## Short web captions
=== Begin Enclosure ===
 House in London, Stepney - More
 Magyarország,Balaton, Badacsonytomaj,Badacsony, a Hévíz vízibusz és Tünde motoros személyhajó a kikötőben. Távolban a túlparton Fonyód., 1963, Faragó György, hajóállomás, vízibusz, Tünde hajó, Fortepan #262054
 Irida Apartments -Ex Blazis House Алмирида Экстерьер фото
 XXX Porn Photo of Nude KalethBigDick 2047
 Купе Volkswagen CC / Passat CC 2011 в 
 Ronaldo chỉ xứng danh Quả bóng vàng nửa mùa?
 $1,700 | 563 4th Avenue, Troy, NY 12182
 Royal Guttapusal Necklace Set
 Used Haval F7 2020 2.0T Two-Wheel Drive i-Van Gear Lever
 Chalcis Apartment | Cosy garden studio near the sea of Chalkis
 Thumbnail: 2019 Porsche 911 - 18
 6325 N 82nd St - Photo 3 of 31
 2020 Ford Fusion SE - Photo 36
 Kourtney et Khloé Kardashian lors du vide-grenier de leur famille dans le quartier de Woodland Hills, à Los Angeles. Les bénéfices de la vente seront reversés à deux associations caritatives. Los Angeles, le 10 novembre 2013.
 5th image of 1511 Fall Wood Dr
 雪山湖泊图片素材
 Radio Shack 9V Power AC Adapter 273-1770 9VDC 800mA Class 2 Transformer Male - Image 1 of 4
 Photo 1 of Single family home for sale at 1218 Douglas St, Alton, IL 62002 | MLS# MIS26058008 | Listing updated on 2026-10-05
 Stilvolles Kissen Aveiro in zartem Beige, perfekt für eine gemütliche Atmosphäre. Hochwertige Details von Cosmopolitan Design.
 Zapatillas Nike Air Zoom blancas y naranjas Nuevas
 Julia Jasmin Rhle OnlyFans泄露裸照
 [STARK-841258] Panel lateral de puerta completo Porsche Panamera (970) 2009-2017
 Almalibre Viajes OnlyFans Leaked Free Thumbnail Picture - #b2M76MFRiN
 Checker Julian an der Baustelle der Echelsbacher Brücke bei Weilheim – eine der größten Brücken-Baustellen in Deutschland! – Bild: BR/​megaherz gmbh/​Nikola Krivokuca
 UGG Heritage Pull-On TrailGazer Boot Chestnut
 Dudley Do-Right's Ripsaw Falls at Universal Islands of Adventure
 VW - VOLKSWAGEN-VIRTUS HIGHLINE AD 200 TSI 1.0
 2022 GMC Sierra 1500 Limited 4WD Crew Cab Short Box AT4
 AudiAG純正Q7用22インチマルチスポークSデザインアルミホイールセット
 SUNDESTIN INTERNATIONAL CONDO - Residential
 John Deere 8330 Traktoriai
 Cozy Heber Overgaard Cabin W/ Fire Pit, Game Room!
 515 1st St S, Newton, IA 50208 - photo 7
=== End Enclosure ===
## Your goal
Pick out every line above that holds the word "eine" and copy it.

## Solution below
 Stilvolles Kissen Aveiro in zartem Beige, perfekt für eine gemütliche Atmosphäre. Hochwertige Details von Cosmopolitan Design.
 Checker Julian an der Baustelle der Echelsbacher Brücke bei Weilheim – eine der größten Brücken-Baustellen in Deutschland! – Bild: BR/​megaherz gmbh/​Nikola Krivokuca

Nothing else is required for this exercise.